US inflation cooled broadly in June to the slowest pace since 2021 on the back of a long-awaited slowdown in housing costs, sending the strongest signal yet that the Federal Reserve can cut interest rates soon.
The so-called core consumer price index — which excludes food and energy costs — climbed 0.1% from May, the smallest advance in three years, Bureau of Labor Statistics figures showed Thursday. The overall measure fell for the first time since the onset of the pandemic, dragged down by cheaper gasoline.
Similar to the May CPI report — which Fed Chair Jerome Powell described this week as “really good” following an unexpected flare-up in the first quarter — the June reading will go a long way toward giving Powell and his colleagues the confidence they need to cut rates, likely starting in September.
Policymakers will have a chance to signal such a move may be coming when they meet later in July, especially since unemployment has now risen for three straight months.
Powell, in testimony before lawmakers this week, avoided signalling the timing of likely rate cuts and insisted policy moves would be guided by incoming data. The Fed chief is set to speak again Monday afternoon in a moderated discussion hosted by the Economic Club of Washington, DC.
“We are sufficiently confident — even if the Fed is not yet ready to admit they are — that inflation is on the way back to the 2% target,” Joseph Brusuelas, chief economist at RSM US LLP, said in a note. “The road is now open to a rate cut by the Federal Reserve in September.”
After the CPI report, Treasuries rallied and traders all but fully priced in September and December rate cuts. They also marked up the odds of a reduction in November to better than even — a move that would come right after the presidential election. Before Thursday, traders and policymakers were divided as to whether there would be just one or two cuts this year.
The report also offered encouraging news for President Joe Biden as he prepares for a high-stakes press conference later Thursday amid calls from fellow Democrats for him to step aside as the party’s nominee. The embattled president cheered the data in a statement, saying it shows “significant progress” in the fight against inflation.
Shelter prices, which is the largest category within services, climbed 0.2%, the smallest gain since August 2021. Owners’ equivalent rent — a subset of shelter, which is the biggest individual component of the CPI — climbed 0.3%, also the tamest in three years.
“Probably the most significant aspect of the June report is the downshift in housing inflation,” said Julia Coronado, the founder of MacroPolicy Perspectives LLC and former Fed economist. “It looks broad-based and durable, and numerous Fed officials have indicated a downshift would boost their confidence that inflation is indeed returning to 2% in a sustainable way.”
In addition to slower rent increases, the costs of other services like airfares, hotel stays and inpatient hospital care all declined from a month earlier. New and used vehicle prices led broader decreases in the core goods basket.
The BLS noted that the new vehicles index was estimated with fewer prices than in previous months due to a cyberattack that hit thousands of dealerships in June, but software systems have since been restored. “BLS has no further information on when typical data flows will resume and is monitoring the situation closely,” according to the report.

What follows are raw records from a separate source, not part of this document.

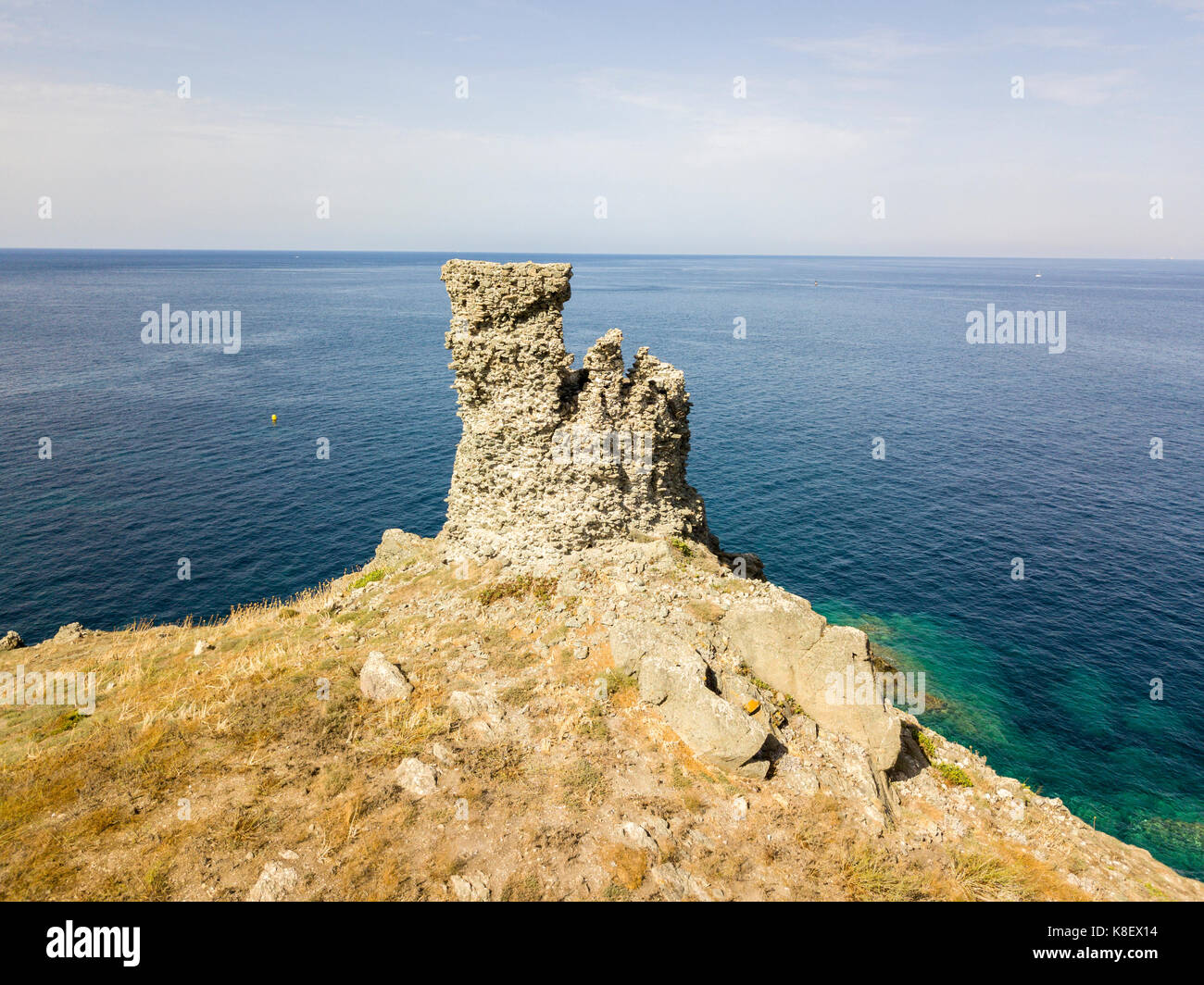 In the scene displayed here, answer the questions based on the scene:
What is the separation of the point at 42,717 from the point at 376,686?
37.8 ft

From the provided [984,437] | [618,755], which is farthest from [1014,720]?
[984,437]

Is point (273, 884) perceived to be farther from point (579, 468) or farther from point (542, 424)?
point (542, 424)

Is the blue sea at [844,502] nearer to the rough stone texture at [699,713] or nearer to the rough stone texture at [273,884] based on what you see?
the rough stone texture at [699,713]

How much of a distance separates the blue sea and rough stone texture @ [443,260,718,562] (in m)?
23.3

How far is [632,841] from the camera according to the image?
48.8 feet

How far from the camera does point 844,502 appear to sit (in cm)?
5844

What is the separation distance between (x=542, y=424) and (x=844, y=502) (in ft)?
138

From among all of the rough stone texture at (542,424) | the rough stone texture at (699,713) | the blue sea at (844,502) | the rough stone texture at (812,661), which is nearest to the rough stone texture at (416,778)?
the rough stone texture at (699,713)

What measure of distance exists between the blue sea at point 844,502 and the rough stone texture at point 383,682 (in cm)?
2685

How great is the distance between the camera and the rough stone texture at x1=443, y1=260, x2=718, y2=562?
24.8 m

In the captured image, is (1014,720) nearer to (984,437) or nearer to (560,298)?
(560,298)

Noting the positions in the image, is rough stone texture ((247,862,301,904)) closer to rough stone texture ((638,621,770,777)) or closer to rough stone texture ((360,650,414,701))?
rough stone texture ((360,650,414,701))

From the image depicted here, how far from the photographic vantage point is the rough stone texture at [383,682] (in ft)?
64.6

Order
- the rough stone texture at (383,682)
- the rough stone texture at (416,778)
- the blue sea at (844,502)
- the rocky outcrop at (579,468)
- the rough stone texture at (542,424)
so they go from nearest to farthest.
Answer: the rough stone texture at (416,778)
the rough stone texture at (383,682)
the rocky outcrop at (579,468)
the rough stone texture at (542,424)
the blue sea at (844,502) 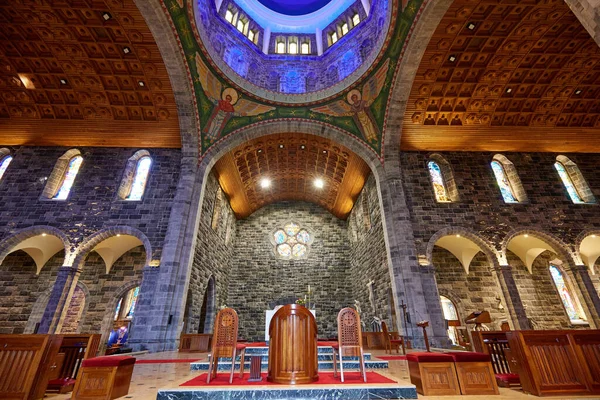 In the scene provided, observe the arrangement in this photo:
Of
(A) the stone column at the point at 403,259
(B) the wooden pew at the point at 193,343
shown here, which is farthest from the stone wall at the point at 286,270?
(A) the stone column at the point at 403,259

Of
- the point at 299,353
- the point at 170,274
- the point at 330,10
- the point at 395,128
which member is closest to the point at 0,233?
the point at 170,274

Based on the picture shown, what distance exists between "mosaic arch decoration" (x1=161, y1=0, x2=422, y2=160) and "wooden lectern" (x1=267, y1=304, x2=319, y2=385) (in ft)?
31.6

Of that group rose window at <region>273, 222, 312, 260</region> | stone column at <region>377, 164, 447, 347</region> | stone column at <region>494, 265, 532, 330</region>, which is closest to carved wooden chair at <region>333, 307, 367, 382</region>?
stone column at <region>377, 164, 447, 347</region>

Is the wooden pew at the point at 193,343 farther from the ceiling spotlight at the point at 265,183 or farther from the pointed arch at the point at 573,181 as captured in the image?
the pointed arch at the point at 573,181

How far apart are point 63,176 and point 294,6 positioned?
49.0ft

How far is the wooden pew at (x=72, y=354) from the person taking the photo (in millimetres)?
4332

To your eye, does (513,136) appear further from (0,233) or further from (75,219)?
(0,233)

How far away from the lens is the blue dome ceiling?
1583cm

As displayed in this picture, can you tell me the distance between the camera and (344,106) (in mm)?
12531

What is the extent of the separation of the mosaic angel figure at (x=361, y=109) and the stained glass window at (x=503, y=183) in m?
5.63

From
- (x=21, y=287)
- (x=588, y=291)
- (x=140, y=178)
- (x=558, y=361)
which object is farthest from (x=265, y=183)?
(x=588, y=291)

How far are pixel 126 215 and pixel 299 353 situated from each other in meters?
10.1

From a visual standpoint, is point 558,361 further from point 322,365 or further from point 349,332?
point 322,365

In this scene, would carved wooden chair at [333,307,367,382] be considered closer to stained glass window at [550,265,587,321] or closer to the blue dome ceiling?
stained glass window at [550,265,587,321] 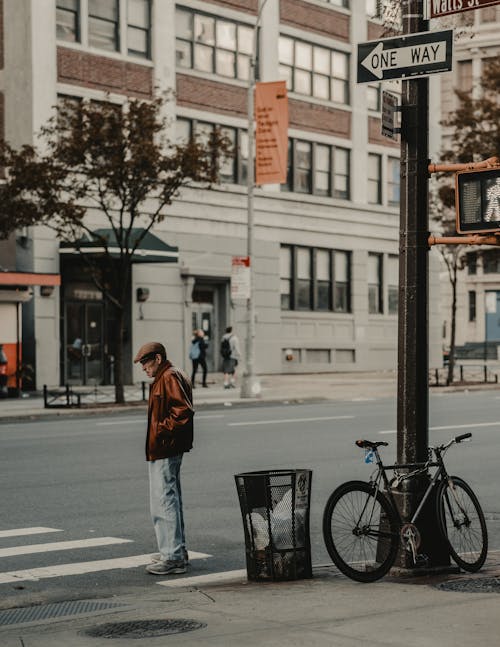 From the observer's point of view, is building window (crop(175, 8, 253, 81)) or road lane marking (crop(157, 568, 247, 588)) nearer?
road lane marking (crop(157, 568, 247, 588))

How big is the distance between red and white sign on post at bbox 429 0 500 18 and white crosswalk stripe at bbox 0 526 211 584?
15.4 ft

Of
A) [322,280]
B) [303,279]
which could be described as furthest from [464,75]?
[303,279]

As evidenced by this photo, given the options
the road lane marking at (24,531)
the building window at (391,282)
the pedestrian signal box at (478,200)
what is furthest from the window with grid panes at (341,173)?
the pedestrian signal box at (478,200)

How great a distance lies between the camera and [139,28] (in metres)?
39.6

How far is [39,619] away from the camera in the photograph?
766 cm

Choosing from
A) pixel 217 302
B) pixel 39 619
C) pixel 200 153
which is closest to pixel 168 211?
pixel 217 302

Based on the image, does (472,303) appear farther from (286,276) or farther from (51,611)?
(51,611)

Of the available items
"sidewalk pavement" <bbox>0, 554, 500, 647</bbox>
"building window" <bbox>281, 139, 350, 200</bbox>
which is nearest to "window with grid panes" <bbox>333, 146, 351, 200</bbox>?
"building window" <bbox>281, 139, 350, 200</bbox>

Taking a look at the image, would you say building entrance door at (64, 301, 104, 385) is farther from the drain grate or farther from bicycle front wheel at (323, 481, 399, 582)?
the drain grate

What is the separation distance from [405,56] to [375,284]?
41542mm

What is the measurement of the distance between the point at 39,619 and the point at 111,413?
20.1m

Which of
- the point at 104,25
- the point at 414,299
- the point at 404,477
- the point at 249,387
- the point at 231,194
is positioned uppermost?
the point at 104,25

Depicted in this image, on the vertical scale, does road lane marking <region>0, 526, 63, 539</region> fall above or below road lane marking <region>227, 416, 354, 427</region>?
below

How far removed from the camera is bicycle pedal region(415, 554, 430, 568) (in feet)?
28.8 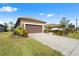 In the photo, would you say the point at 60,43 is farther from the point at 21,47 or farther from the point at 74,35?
the point at 21,47

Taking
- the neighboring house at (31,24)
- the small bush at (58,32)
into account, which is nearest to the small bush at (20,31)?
the neighboring house at (31,24)

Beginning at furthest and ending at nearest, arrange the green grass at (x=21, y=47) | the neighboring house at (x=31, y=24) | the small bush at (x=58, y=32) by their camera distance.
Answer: the small bush at (x=58, y=32) → the neighboring house at (x=31, y=24) → the green grass at (x=21, y=47)

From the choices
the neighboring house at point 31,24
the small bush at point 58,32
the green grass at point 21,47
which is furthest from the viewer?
the small bush at point 58,32

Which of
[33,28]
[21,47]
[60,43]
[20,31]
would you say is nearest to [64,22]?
→ [60,43]

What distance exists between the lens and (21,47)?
5.39 m

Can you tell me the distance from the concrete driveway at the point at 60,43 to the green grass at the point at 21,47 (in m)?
0.11

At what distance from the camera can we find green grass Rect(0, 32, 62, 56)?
5.30 meters

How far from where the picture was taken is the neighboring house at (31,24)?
5.43m

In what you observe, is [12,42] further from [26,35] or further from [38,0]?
[38,0]

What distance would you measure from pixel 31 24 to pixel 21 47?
617 mm

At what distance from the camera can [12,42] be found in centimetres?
543

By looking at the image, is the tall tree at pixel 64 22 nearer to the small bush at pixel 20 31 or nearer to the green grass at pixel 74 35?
the green grass at pixel 74 35

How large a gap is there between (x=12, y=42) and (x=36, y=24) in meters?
0.73

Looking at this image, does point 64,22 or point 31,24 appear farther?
point 31,24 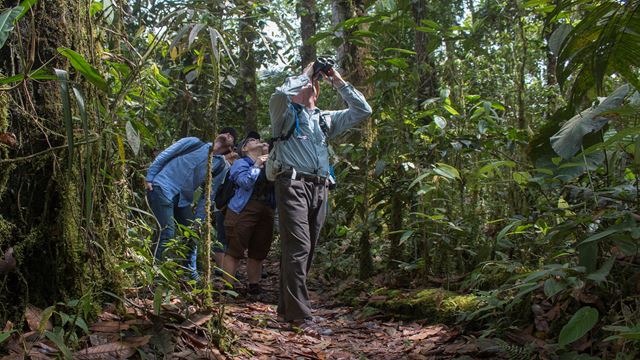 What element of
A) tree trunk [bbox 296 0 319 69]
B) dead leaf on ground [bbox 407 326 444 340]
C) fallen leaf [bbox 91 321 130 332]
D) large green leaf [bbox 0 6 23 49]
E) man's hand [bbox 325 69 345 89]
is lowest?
dead leaf on ground [bbox 407 326 444 340]

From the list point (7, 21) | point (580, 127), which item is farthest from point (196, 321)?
point (580, 127)

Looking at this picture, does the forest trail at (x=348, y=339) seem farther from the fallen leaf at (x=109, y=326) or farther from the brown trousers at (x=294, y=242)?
the fallen leaf at (x=109, y=326)

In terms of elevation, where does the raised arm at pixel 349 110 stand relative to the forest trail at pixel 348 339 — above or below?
above

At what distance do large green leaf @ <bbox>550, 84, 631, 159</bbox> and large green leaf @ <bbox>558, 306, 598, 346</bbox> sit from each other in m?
0.80

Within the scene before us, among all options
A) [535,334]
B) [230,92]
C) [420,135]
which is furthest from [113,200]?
[230,92]

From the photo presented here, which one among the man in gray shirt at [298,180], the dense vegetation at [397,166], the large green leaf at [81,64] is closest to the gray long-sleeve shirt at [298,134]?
the man in gray shirt at [298,180]

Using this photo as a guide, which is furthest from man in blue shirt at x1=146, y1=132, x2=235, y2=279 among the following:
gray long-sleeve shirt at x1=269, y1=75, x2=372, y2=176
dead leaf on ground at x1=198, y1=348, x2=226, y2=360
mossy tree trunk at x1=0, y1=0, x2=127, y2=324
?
mossy tree trunk at x1=0, y1=0, x2=127, y2=324

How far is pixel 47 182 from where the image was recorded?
2.66 meters

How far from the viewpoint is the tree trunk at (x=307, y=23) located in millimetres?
9352

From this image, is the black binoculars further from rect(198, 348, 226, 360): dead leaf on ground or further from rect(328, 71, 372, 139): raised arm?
rect(198, 348, 226, 360): dead leaf on ground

Separate figures on Thursday showed recurring applications for jobless benefits held near the highest level since late 2021. At the same time, first-time filings fell by 17,000 last week — matching the largest drop in a year — providing some optimism that the job market is holding up.
Excluding housing and energy, services prices fell for a second month, according to Bloomberg calculations. While central bankers have stressed the importance of looking at such a metric when assessing the nation’s inflation trajectory, they compute it based on a separate index.
That measure, known as the personal consumption expenditures price index, doesn’t put as much weight on shelter as the CPI does. That helps explain why the PCE gauge has been trending closer to the Fed’s 2% target.
The PCE measure, released later this month, draws from the CPI as well as certain categories within the producer price index, which is due Friday.
“June’s CPI report is a notch better than the ‘very good’ report in May, which should boost the FOMC’s confidence about the inflation trajectory. That should set the stage for the Fed to start cutting rates in September — and even flags a risk of an earlier cut in July,” say Anna Wong and Stuart Paul of Bloomberg Economics.
The latest results from Delta Air Lines Inc suggest more scope for services inflation to cool. The carrier’s revenue projections came in weaker than forecast as competition in the domestic market drives ticket prices lower.